Working data: Begin

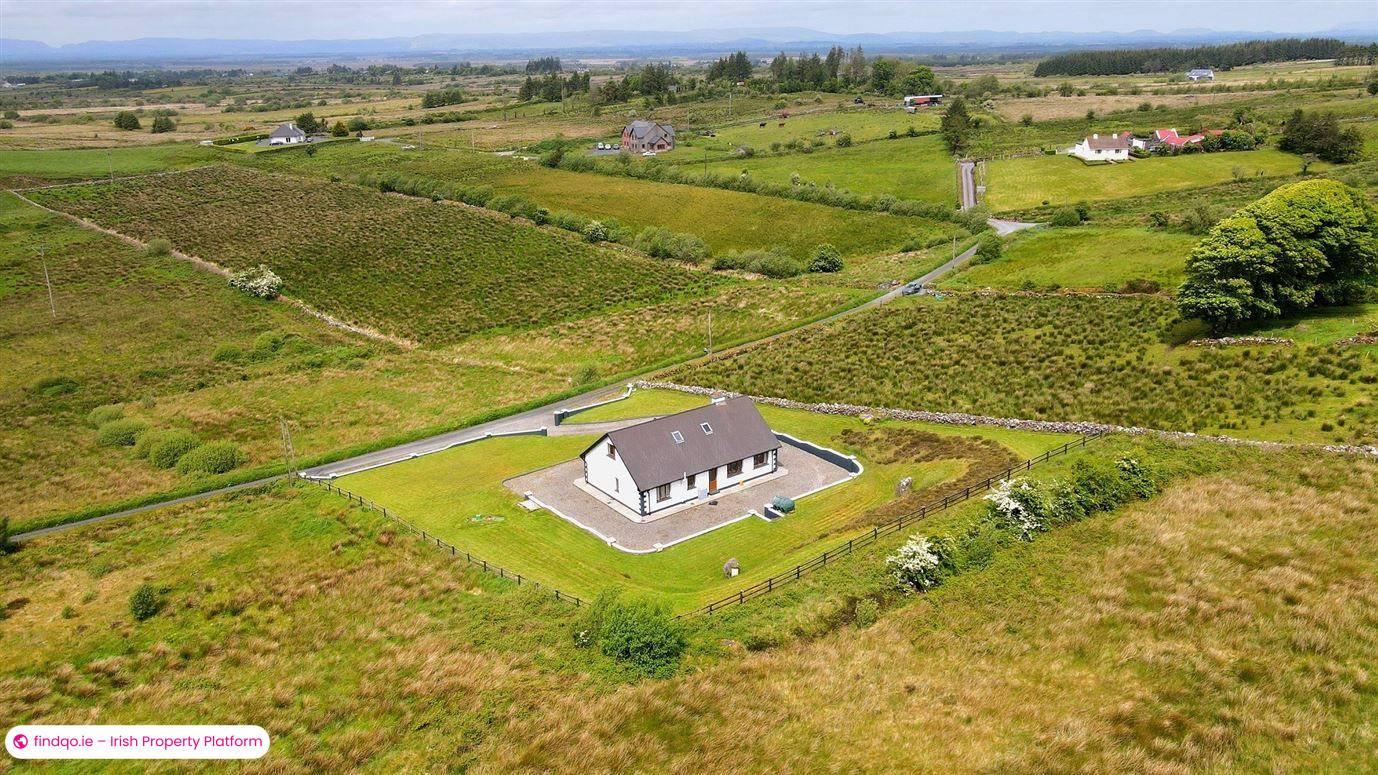Detached house for Sale in Ballaghaderreen, Roscommon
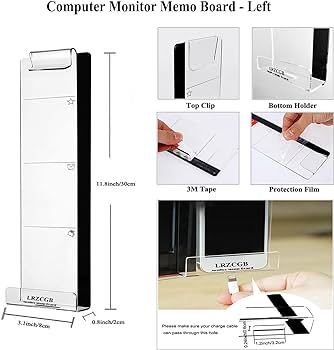 Memo Boards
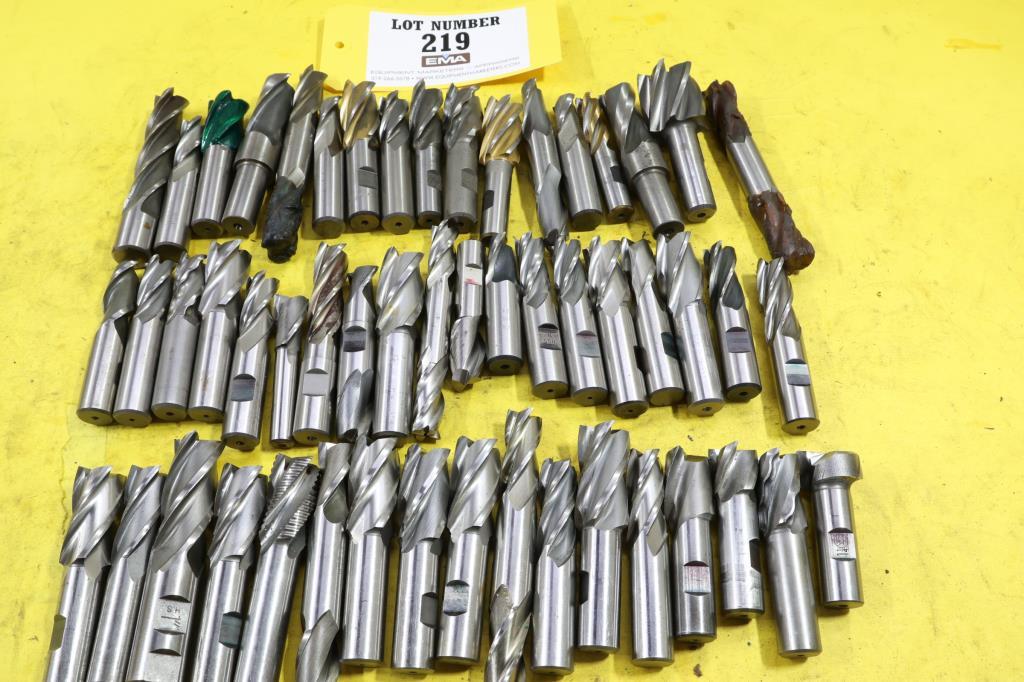 Perishable tooling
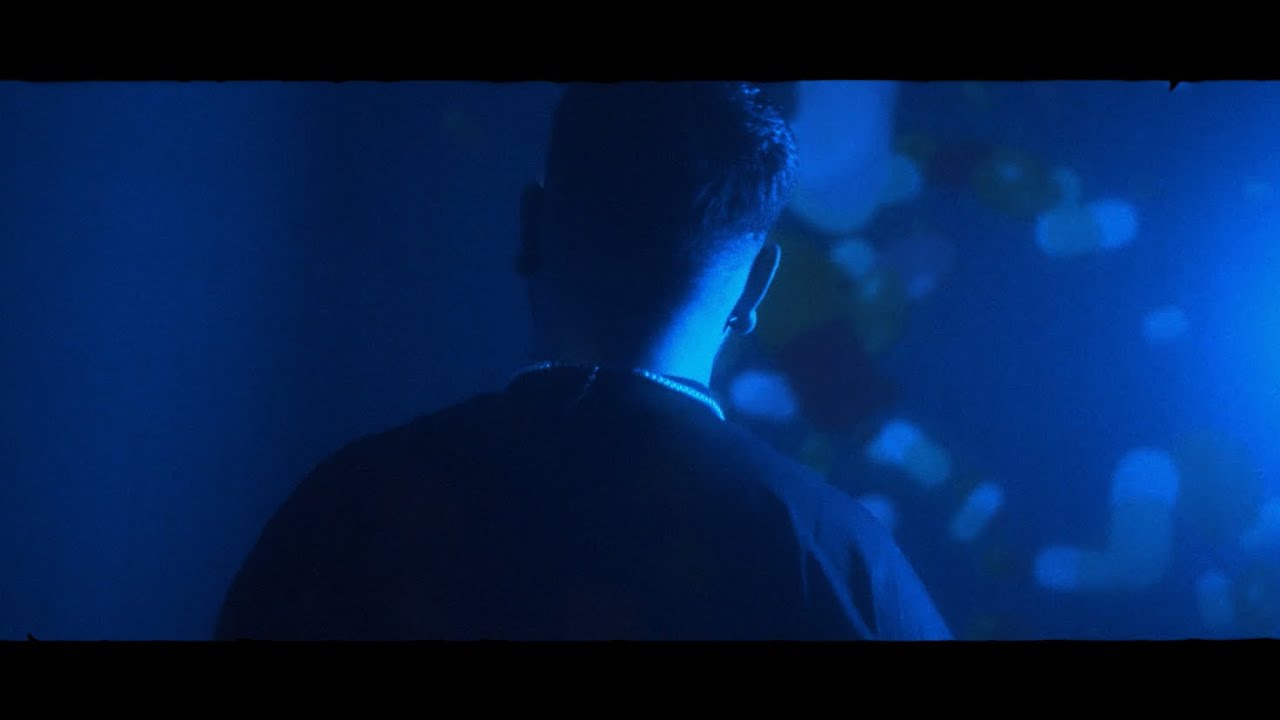 DeLaurin - Pills & Drugs (Official Video)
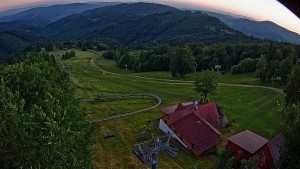 Snowparadise Wielka Racza - Szczyt Dedowka-Gipfel - 24.6.2026 v 04:45 Snowparadise Wielka Racza - Szczyt Dedowka-Gipfel - 24.6.2026 v 04:45
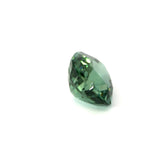 4.84 cts Natural Gemstone Green Tourmaline - Heart Shape - 23336RGT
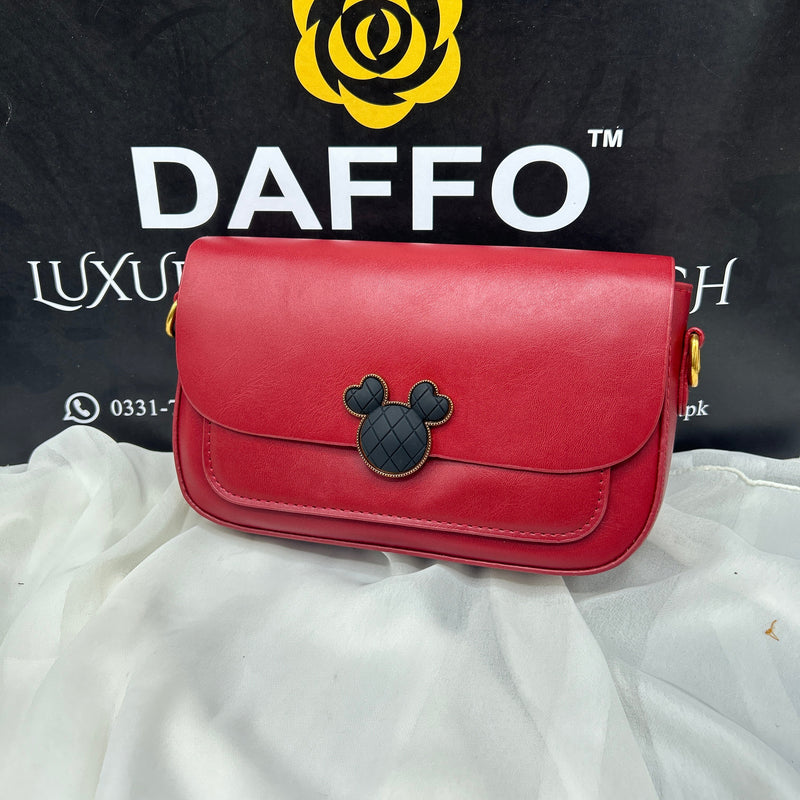 DAFFO Penouse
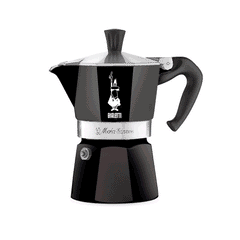 Bialetti Moka Express Coffee Maker 3 Cup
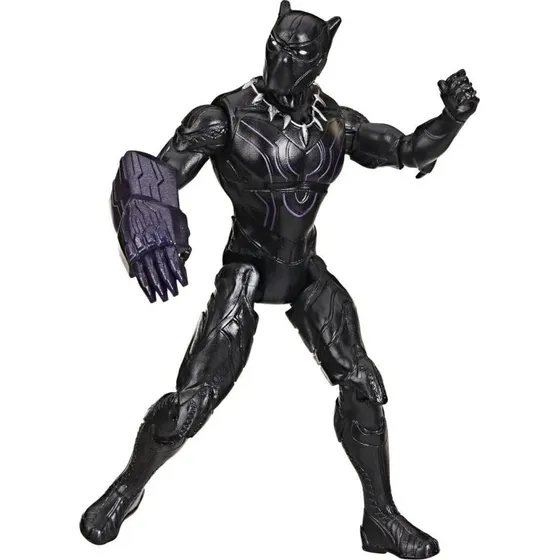 Hasbro Marvel Avengers Anti-Venom Black Panther 10 cm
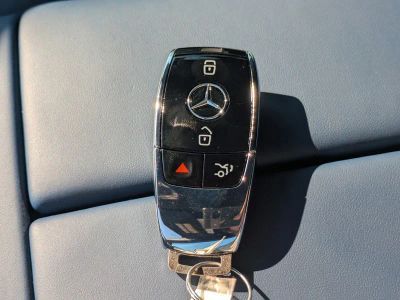 2026 Mercedes-Benz GLS — photo 32 view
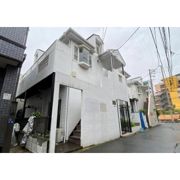 ライフピアジュピターの外観画像
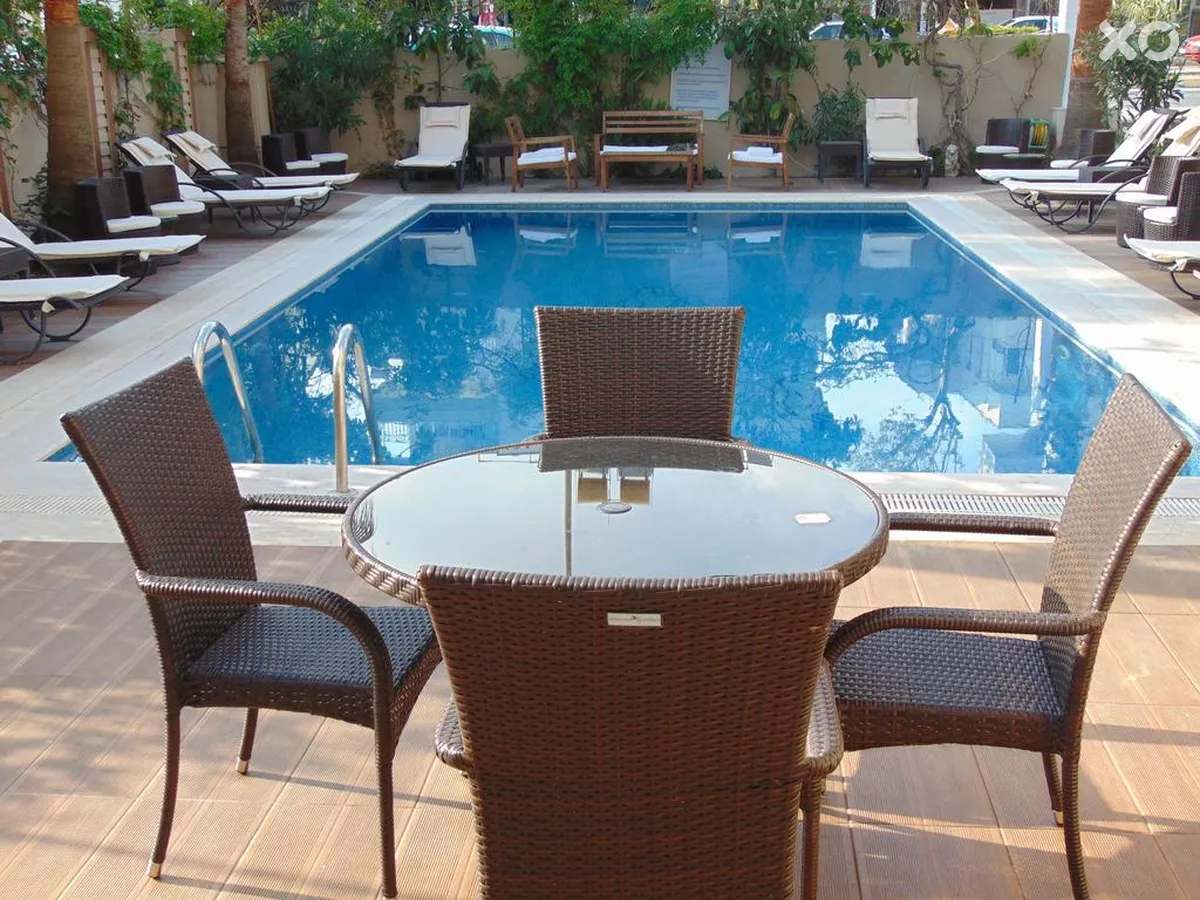 Nergiz Boutique Hotel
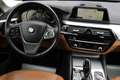 BMW 520 520d Touring Aut. Navi CruiseC ZetelV Garantie Noir - thumbnail 10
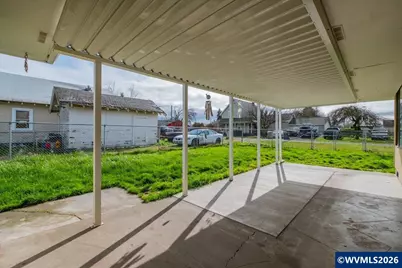 780 W 4th St, Halsey, OR 97348 - Photo 31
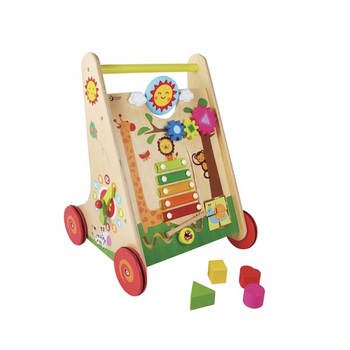 Classic World Learning Walker Children's Game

Working data: End

Action item: For this exercise, retype the data above exactly and skip every image.

Result of the exercise:
Detached house for Sale in Ballaghaderreen, Roscommon
 Memo Boards
 Perishable tooling
 DeLaurin - Pills & Drugs (Official Video)
 Snowparadise Wielka Racza - Szczyt Dedowka-Gipfel - 24.6.2026 v 04:45 Snowparadise Wielka Racza - Szczyt Dedowka-Gipfel - 24.6.2026 v 04:45
 4.84 cts Natural Gemstone Green Tourmaline - Heart Shape - 23336RGT
 DAFFO Penouse
 Bialetti Moka Express Coffee Maker 3 Cup
 Hasbro Marvel Avengers Anti-Venom Black Panther 10 cm
 2026 Mercedes-Benz GLS — photo 32 view
 ライフピアジュピターの外観画像
 Nergiz Boutique Hotel
 BMW 520 520d Touring Aut. Navi CruiseC ZetelV Garantie Noir - thumbnail 10
 780 W 4th St, Halsey, OR 97348 - Photo 31
 Classic World Learning Walker Children's Game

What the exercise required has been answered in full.